ABSOLUTE IMMUNITY FOR COMPLAINTS TO DMV

Complaints Filed By The Defendants With The Department Of Motor Vehicles Were Entitled To Absolute Immunity

Post number 5312

See the full video at https://lnkd.in/g8rhDh-Z and at https://lnkd.in/gkpfVfjb and at https://zalma.com/blog plus more than 5300 posts.

In Modzelewski’s Towing & Storage, Inc., et al. v. Government Employees Insurance Company et al., No. AC 47933, Court of Appeals of Connecticut (March 24, 2026) Modzelewski’s Towing & Storage, Inc., Chris’ Auto Clinic, LLC, MyHoopty.com, LLC, and Farmington Auto Park, LLC, initiated an action seeking damages for tortious interference with business expectancies and other relief. The dispute arose after complaints were filed against them by Government Employees Insurance Company (GEICO) and individual defendants John P. Vaz and Patrick Capri with the Connecticut Department of Motor Vehicles. The plaintiffs alleged that these complaints interfered with their business relationships.

LEGAL ISSUES

The central legal issue concerned the application of § 14-63-45b of the Regulations of Connecticut State Agencies, which governs complaints to the Department of Motor Vehicles. The trial court examined whether the defendants’ conduct — filing complaints with the department — was protected by absolute immunity under the litigation privilege, a doctrine that shields certain communications made in the course of judicial or quasi-judicial proceedings from liability.

1. Whether the complaints filed by the defendants with the Department of Motor Vehicles were entitled to absolute immunity under the litigation privilege.

2. Whether the trial court properly dismissed the plaintiffs’ claims for lack of subject matter jurisdiction based on the litigation privilege.

DISCUSSION AND ANALYSIS

The trial court granted the defendants’ motions to dismiss, finding that the complaints submitted to the Department of Motor Vehicles fell within the scope of the litigation privilege and were thus immune from suit.

On appeal, the plaintiffs argued that the privilege should not apply, contending the complaints were not sufficiently related to a judicial or quasi-judicial proceeding.

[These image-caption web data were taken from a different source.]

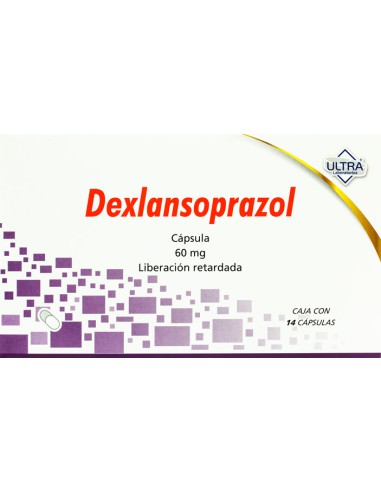 Dexlansoprazol Caps LR 60mg C/14 (Ultra)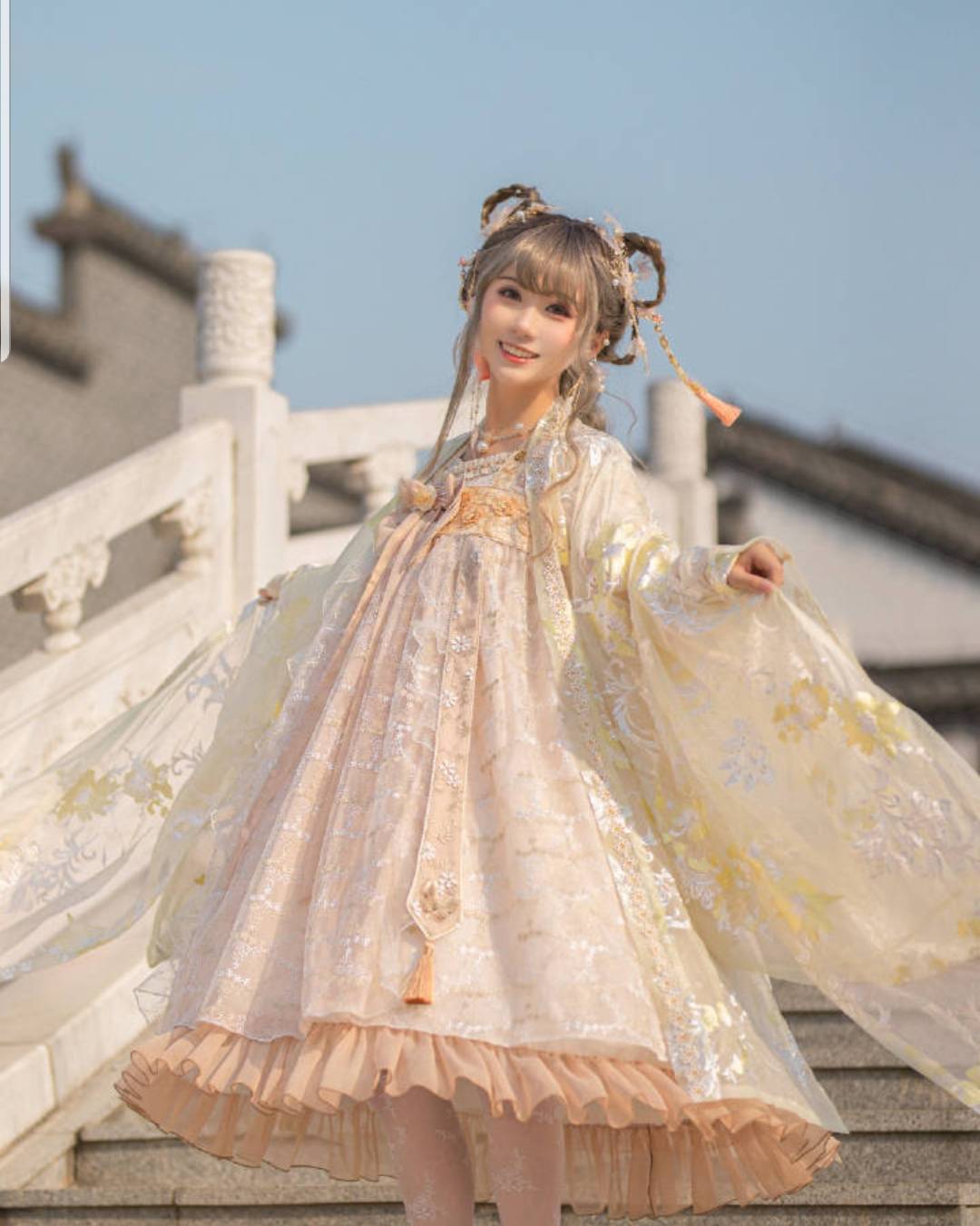 设计|你真的了解中华风Lolita吗？这3款中华风Lo裙让人美到叹息！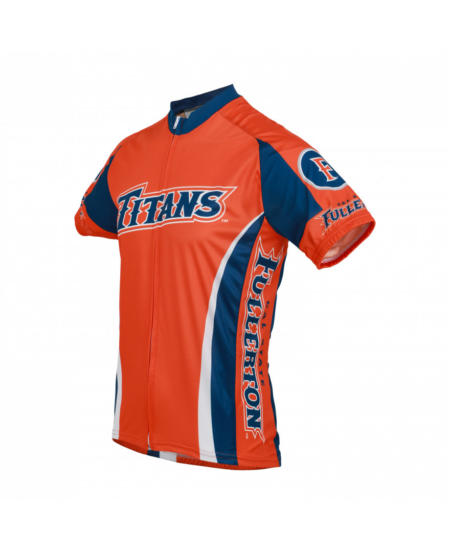 Bikehighway - CSU Fullerton Cycling Jersey Front and Side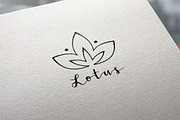 Yoga logo, a Branding & Logo Template by SonneLeo (Thumbnail 1 of 2)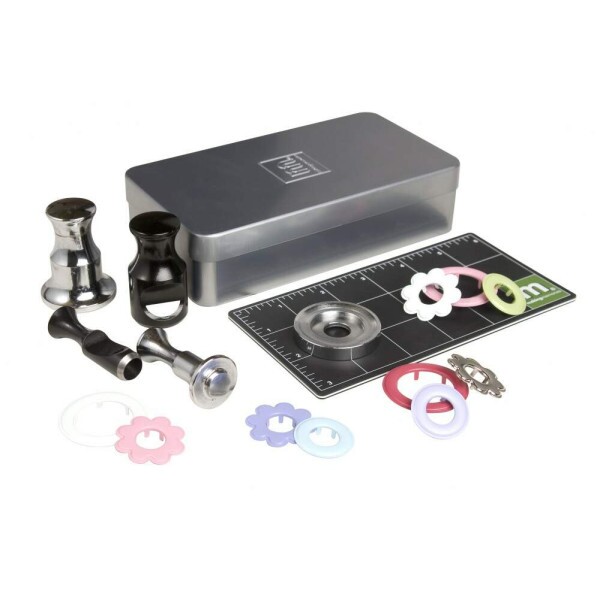Aplicador de Ilh�s Artesanal - Kit de ferramentas Grommet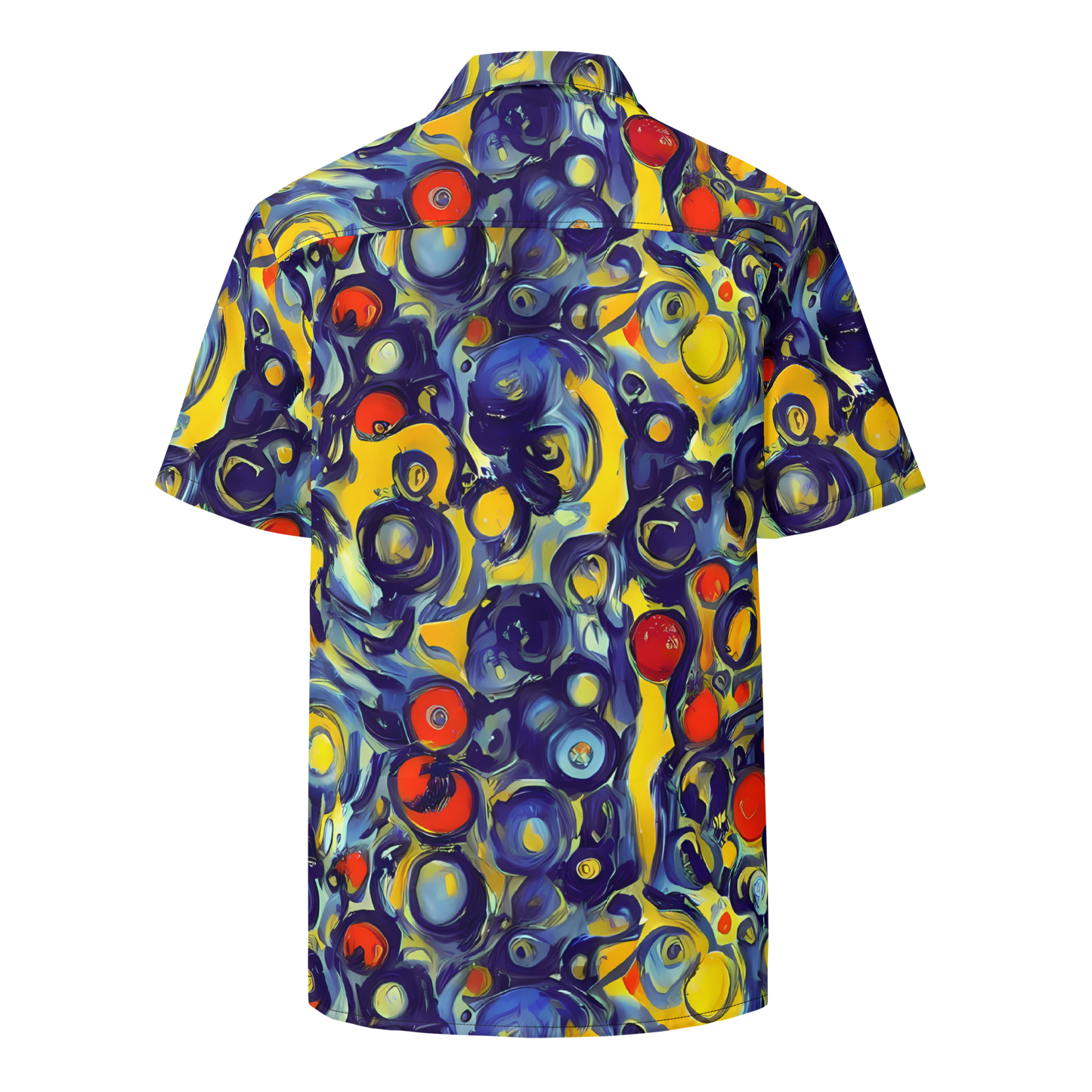 Button Shirt - Dynamic Doodles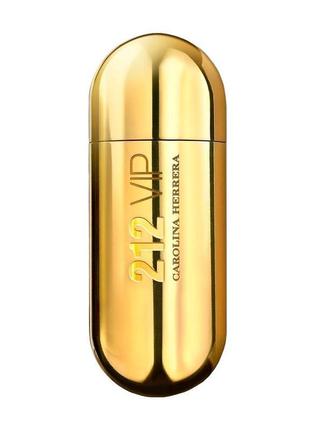 Carolina herrera 212 vip gold парфумована вода 110ml кароліна ...2 фото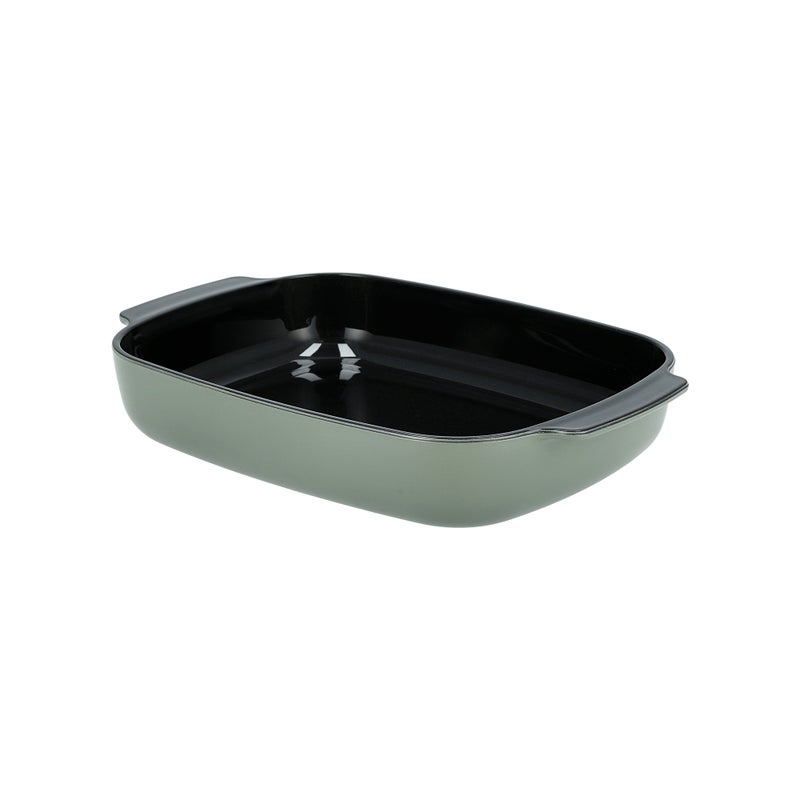 ألبرتو البرتو صحن فرن زجاج أخضر 3.8 لتر - Image 2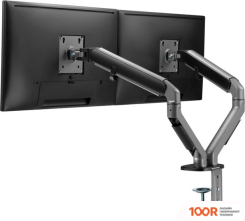 Кронштейн Ultramounts UM735BL (ЧЕРНЫЙ/СЕРЫЙ) (127018)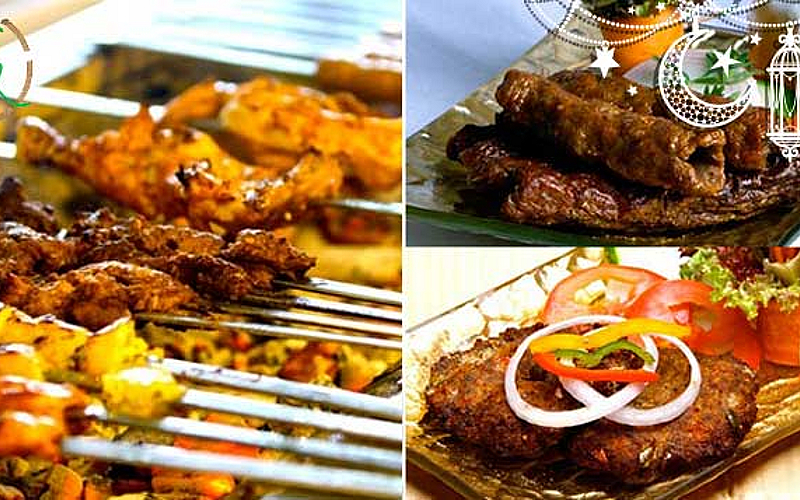 Delicious BBQ & curries of Pakisthani cuisine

The appellate court disagreed, concluding that the process involving the Department of Motor Vehicles constituted a quasi-judicial proceeding, and the privilege applied. As a result, the dismissal for lack of subject matter jurisdiction was affirmed.

CONCLUSION

To determine where there is an effective litigation privilege is whether the body has the power to:

1. exercise judgment and discretion;
2. hear and determine or to ascertain facts and decide;
3. make binding orders and judgments;
4. affect the personal or property rights of private persons;
5. examine witnesses and hear the litigation of the issues on a hearing; and
6. enforce decisions or impose penalties.

The court determined that the department’s complaint and hearing proceeding is quasi-judicial in nature because the Commissioner of Motor Vehicles or the designated hearing officer is vested with the discretion and judgment to consider motions, subpoena witnesses, require the production of records, receive, consider, and evaluate the evidence, limit the number of witnesses, permit additional pleadings and evidence pre- and post-hearing, and issue a final decision based on their consideration of the entire record.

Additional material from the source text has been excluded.